Separation of Formal and Informal Lessons. Across U.S. lessons, I noticed a disconnect between formal and informal teaching of CP. Both existed, but neither tended to reference the other. For instance, there were often specific, hour-long lessons devoted to CP which were followed by separate lessons on inverse relations (e.g., fact families); yet, the turn-around facts occurring in the fact family lessons were rarely compared to draw students’ attention to the CP. As seen from Chinese lessons (e.g., the swimming pool example), it did not take up much class time to invite students to compare and verbalize the observed features related to the CP. This separation of connected ideas into definitional and procedural lessons (as opposed to compressing the relevant ideas into one lesson) may explain why many U.S. teachers complained that their textbooks contained more topics than could be reasonably completed during the school year.
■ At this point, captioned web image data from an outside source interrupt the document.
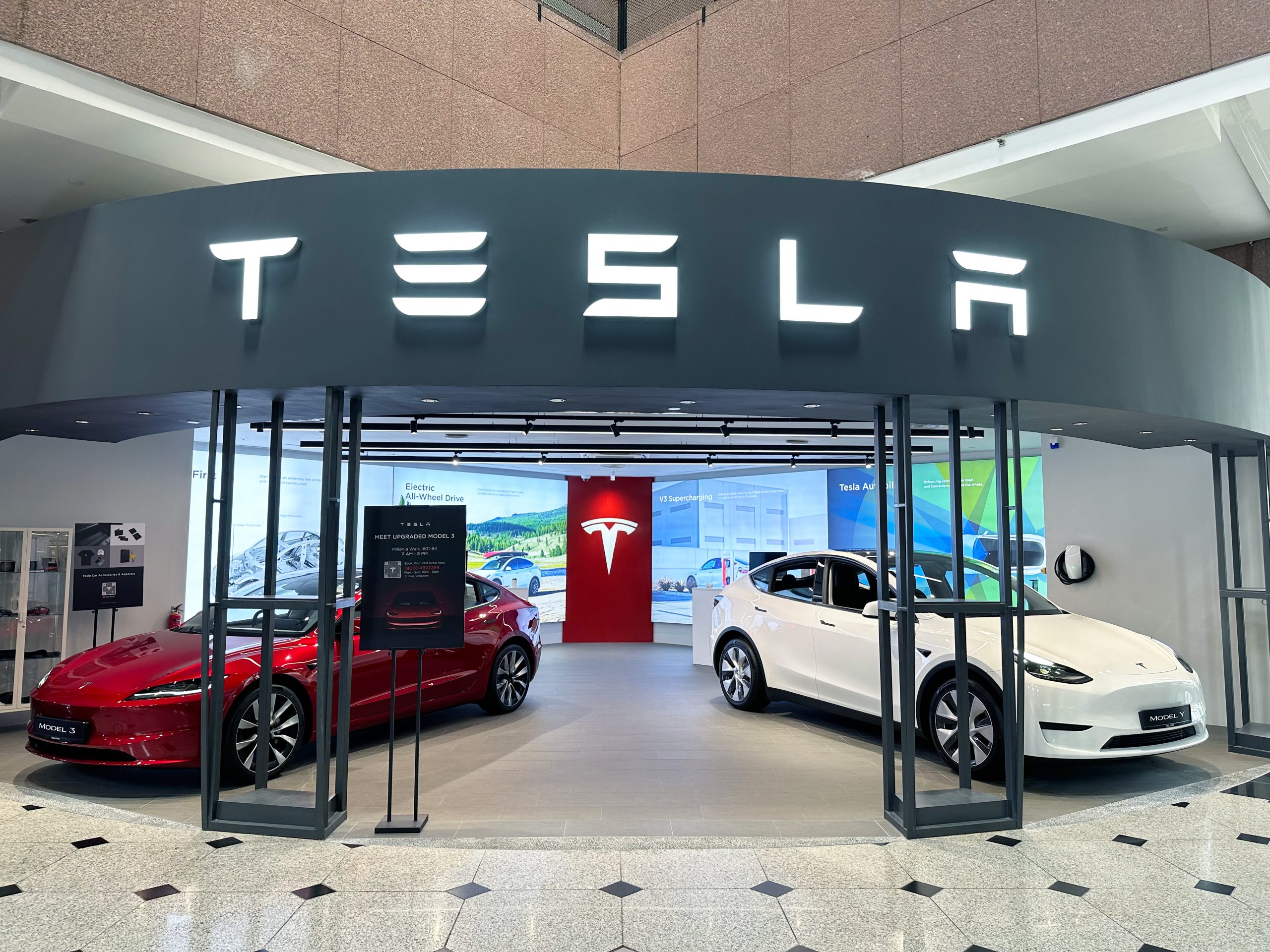Tesla Stock Gets Higher Price Target From Morgan Stanley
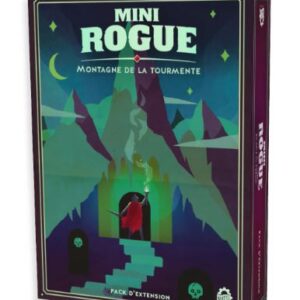 MINI ROGUE - SAISON 2 - Extension Montagne de la Tourmente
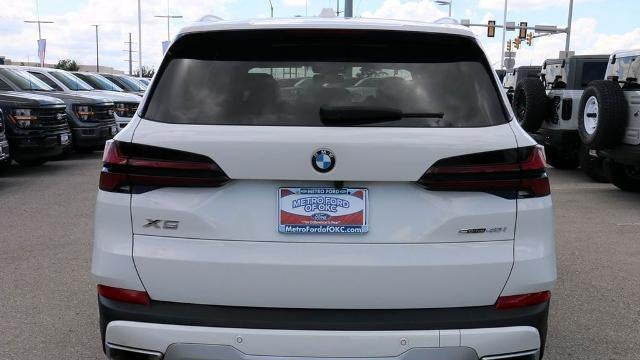2024 BMW X5 sDrive40i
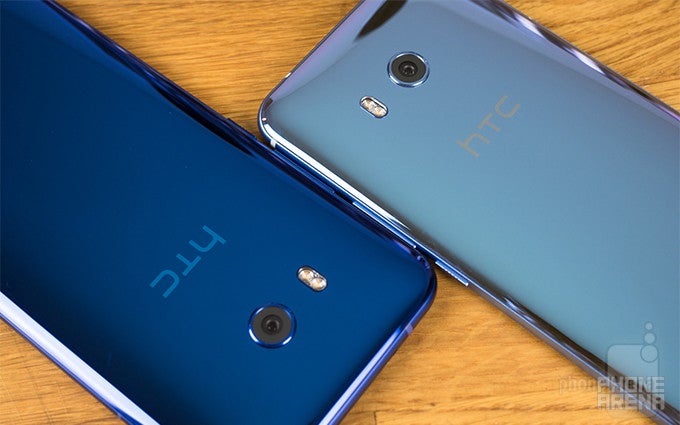 HTC&#039;s bezel-less U11 Plus allegedly shows up in benchmarks, reveals specs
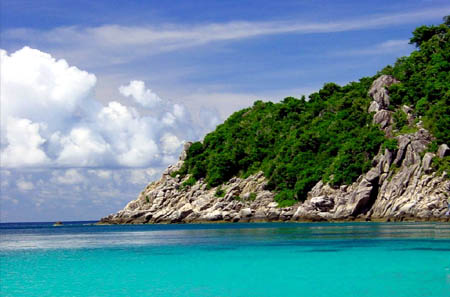 用象島特色美景　改變你的泰國印象！ | 文章內置圖片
This may also explain the reports that U.S. textbooks are usually three times as thick as Chinese textbooks (Li et al., 2008; Ding & Li, 2010). In addition, I noticed a lack of vertical coherence among the U.S. lessons on this topic. For instance, the CP was basically taught the same way across grades. In contrast, the Chinese lessons informally introduced CP in G1 and then reinforced this idea through checking in G2, all building up to the formal instruction of the CP in G4 during which deep mathematical thinking skills such as proofs and generalization were stressed.

## Summary: Teaching the CP of Addition through TEPS

In this section, I described the insights and observations of Chinese and U.S. lessons on the CP of addition. Together, these lessons suggest how to develop students’ understanding of the CP through TEPS. When students initially learn this property, a teacher may start with a real-world context which can be modeled using semi-concrete representations, leading to two-way solutions. This pair of addition number sentences can be used as a base to learn the CP. To do this, comparison and follow-up questions should be asked. For instance, a teacher should ask how a pair of number sentences are the same and different, why switching the two addends does not matter in the results, and so on. To make sense of these questions, students’ attention should be drawn to the part-whole structure that is embedded in either the semi-concrete representations or the concrete contexts. In later lessons where the CP is applied, teachers should continuously ask deep questions to bring students’ attention to the underlying concept of the CP. For instance, they could ask why a strategy worked (e.g., checking, finding related facts). Students may even be challenged to explore this statement at a more abstract level. For instance, is the statement really true since it only resulted from limited examples? Can one find a counterexample to disprove it? An integration of representation usage and deep questions will likely contribute to students’ deep understanding of the CP and broader algebraic thinking.